Imelda Marcos looks set for political comeback

IMELDA Marcos, the flamboyant widow of deposed Philippine dictator Ferdinand Marcos, looked set to make her political comeback on Tuesday, more than two decades after fleeing a popular uprising.

The former first lady, 80, had comfortably won a seat in the 269-member House of Representatives, according to her aides.

Her only son Ferdinand “Bongbong” Marcos Jnr, 52, was headed for the 24-seat Senate while eldest child Imee, 56, appeared set to be made governor of the family’s home province of Ilocos Norte, according to aides and partial results.

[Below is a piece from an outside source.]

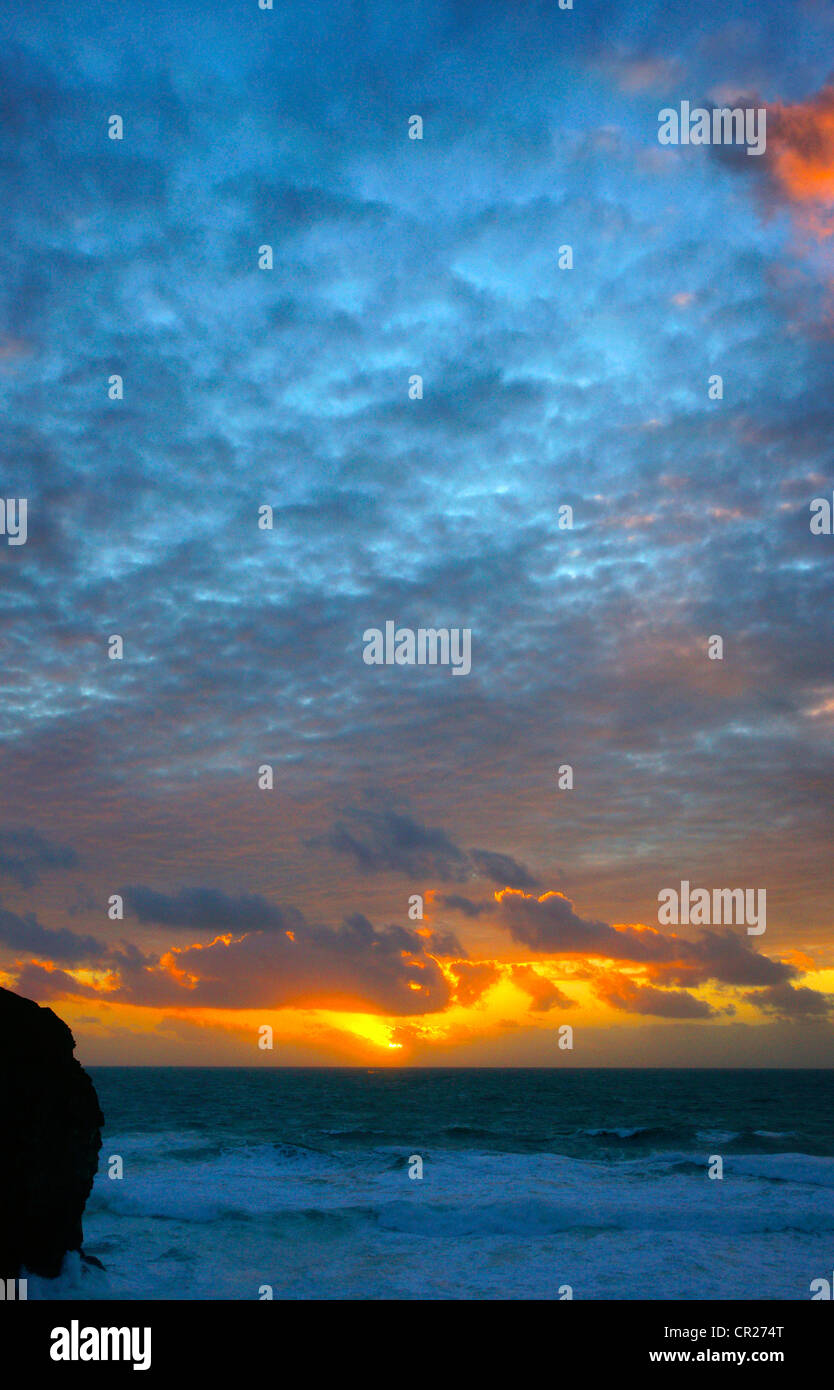 Tramonto a cappella Porth, Nr St. Agnes, North Cornwall. Foto Stock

The clan has won various positions since the 1990s after returning from exile but they have never before managed a position as high as the nationally-elected senate.

It was the former first lady’s first political outing since losing a presidential bid in 1992.

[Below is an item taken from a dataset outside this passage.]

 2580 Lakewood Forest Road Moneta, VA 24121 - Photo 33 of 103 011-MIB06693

The family fled to Hawaii in 1986 after a popular revolt toppled them from power and installed opposition leader Corazon Aquino, whose son Benigno “Noynoy” Aquino looks set to be proclaimed president after Monday’s vote.

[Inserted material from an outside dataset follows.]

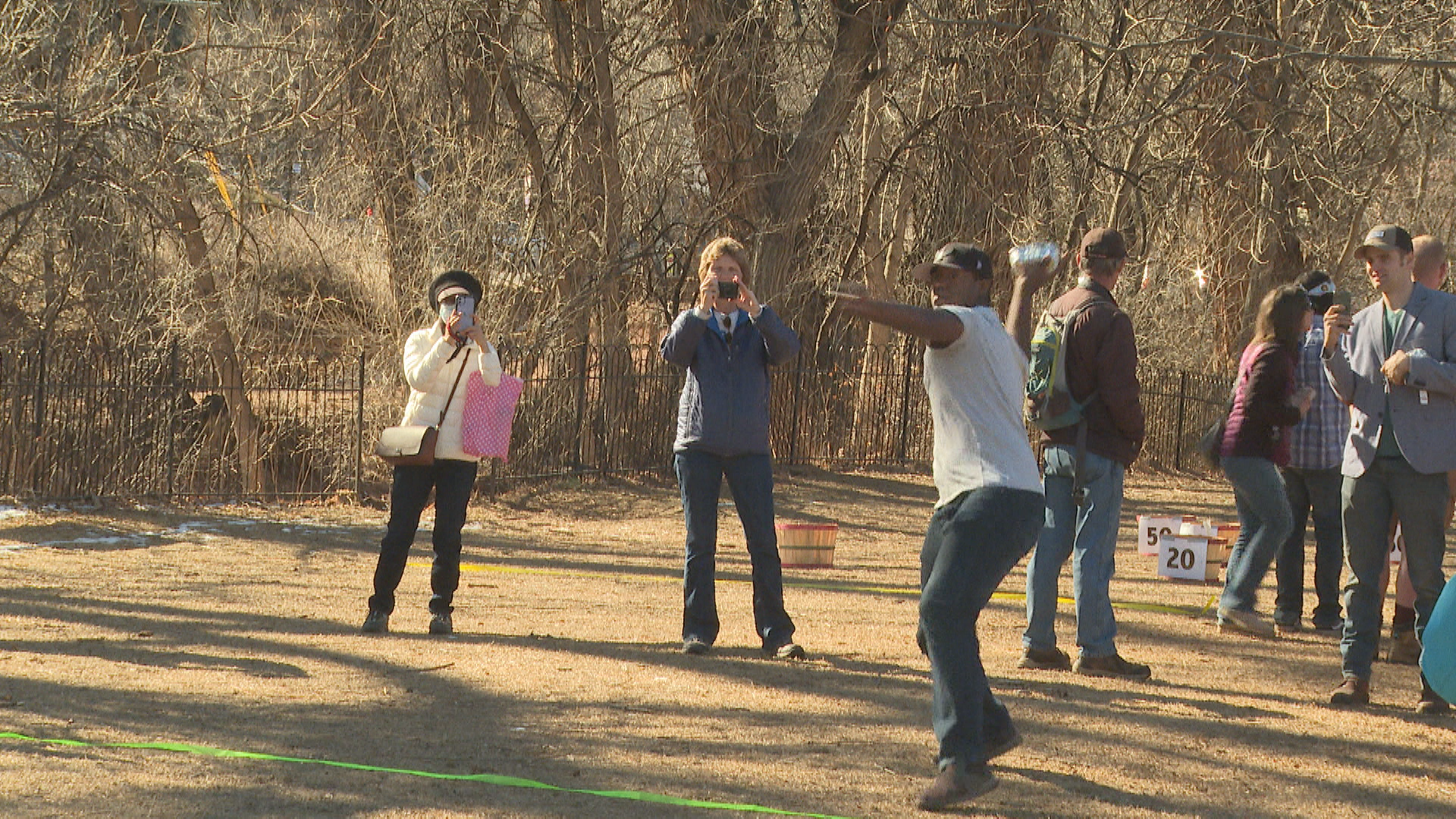 FRUITCAKE TOSS PICTURE.bmp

Imelda Marcos became an object of scorn for her extravagant lifestyle when a gigantic collection of shoes was found in the presidential palace after the family fled the country. Her husband died in Hawaii in 1989.

Lito Gorospe, a family spokesman, said that Imelda and Imee Marcos had both won their respective seats, and were expected to be formally proclaimed later Tuesday.